Plotting can be a tricky thing. When you start a writing project, you might have an ending in mind and you might vaguely know what you want to happen. But, unless you’re someone who prefers to discover your story as you write, you might need a more concrete and fleshed-out plot or outline to start with.
The good news is that there are about a gazillion ways to plot your story. You can use the Snowflake Method, which I’ve used in the past. You can use a straight-up, simple outline format to document your rising and falling action. You could even simply write out Roman numerals on a piece of paper and create a story outline the same way you might have created an outline of notes in school.

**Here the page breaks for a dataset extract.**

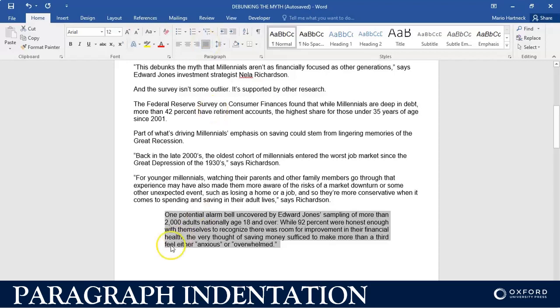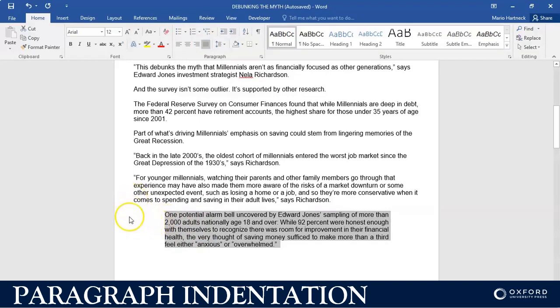So this paragraph has been indented two centimeters from the left margin and two centimeters from the right margin. Thank you for watching.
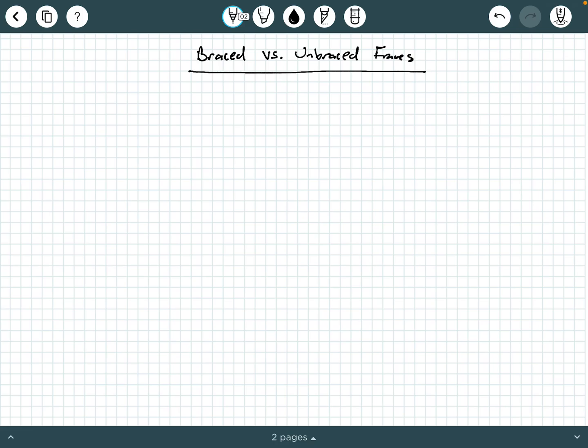Hey everybody, Dr. A here, and in this video we are going to be giving a quick overview of braced versus unbraced frames and how to identify them.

Perhaps none of these methods apply to you. If you’re looking for something that is specifically character-driven and which focuses more on your characters’ intentions, you might want to try this fill-in-the-blank method of plotting that I discovered not too long ago. On her blog, Janice Hardy wrote about this method in detail. Janice lays it out very plainly — there are just a few items you need to determine when plotting. These include, trying to, when, but, therefore, and so.
If you set up a document with those words written down one side, you should be able to fill them all in to create your story. According to Janice, the resulting synopsis or scene description would look something like this: “Protagonist is trying to [goal of scene] when [what happens in the scene to create conflict], but [why the protagonist doesn’t want that], so [result of what happens in the scene].”
It’s so rare, in writing, that you can find a formula that will work well for you. I really like what Janice has laid out here and I’m going to try it when I plot my next story. I encourage you to try it as well, if you’re looking for something that will help you zero in on your characters’ motivations in a story or even just a scene. Happy writing!